Traditional doctor-to-doctor sales are still often quoted as a percentage of annual collections, but DSO and PE buyers value on adjusted EBITDA — your profit normalized for one-time costs and for the owner-dentist's compensation restated to a market associate rate. Because that normalization can shift the number dramatically, getting it right and defensible is one of the most valuable parts of sale preparation.

The multiple itself reflects risk: hygiene recare strength, new-patient flow, the share of production coming from associates versus the owner, and the durability of payer relationships. CBH prepares a clean, diligence-ready financial package, positions the practice to the right DSO and strategic buyers, and runs a confidential, competitive process designed to maximize value and protect your team.

Common Questions

Frequently Asked Questions

How much is my Florida dental practice worth?
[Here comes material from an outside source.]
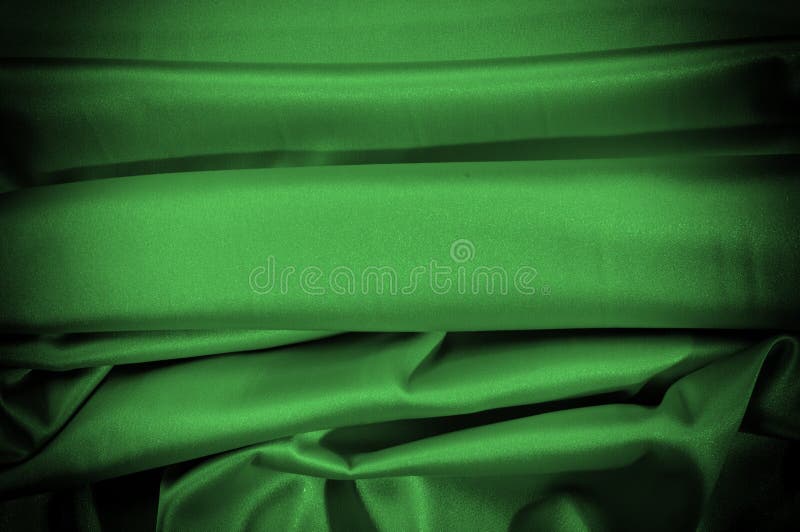 Texture, background, pattern. Fabric silk is dark green. Express royalty free stock image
Florida dental practices typically sell at 5x–8x adjusted EBITDA when acquired by a DSO or private-equity-backed platform, versus roughly 60%–80% of annual collections in a traditional doctor-to-doctor sale. Practices with strong hygiene recare, associate-driven production, and a favorable fee-for-service mix command the upper end of the range.

What is a DSO and why are they buying Florida practices?

A DSO (Dental Service Organization) provides the non-clinical infrastructure — billing, HR, marketing, purchasing — for affiliated practices, allowing dentists to focus on care. DSOs and their PE backers are aggressively acquiring Florida practices because the market is large, growing, and still highly fragmented, which makes it ideal for roll-up consolidation.

Do I have to keep practicing after I sell to a DSO?

Usually yes. Most DSO transactions include a post-close employment commitment for the selling dentist — commonly 2–5 years — plus, in many deals, an equity rollover into the parent platform. Staying on protects production and patient continuity, and the rollover can deliver a meaningful 'second bite' when the platform recapitalizes.

How does fee-for-service vs. PPO mix affect my value?

Payer mix is a core value driver. A higher share of fee-for-service and strong PPO reimbursement generally supports a higher multiple than a practice heavily dependent on low-reimbursement Medicaid or capitation plans. Documenting your fee schedules and collections by payer ahead of a sale protects your value.

How does owner-dependence affect my multiple?

If the owner-dentist personally produces most of the revenue, buyers discount the value because that production is at risk after closing. Practices with productive associates, a deep hygiene department, and systems that run without the owner present command stronger, more durable multiples.

Can I sell my dental practice confidentially?

Yes. We protect confidentiality so your team, patients, and referral relationships are not disrupted during the process. Buyer outreach is conducted under NDA, and identifying financial and patient information is released only to vetted, qualified acquirers.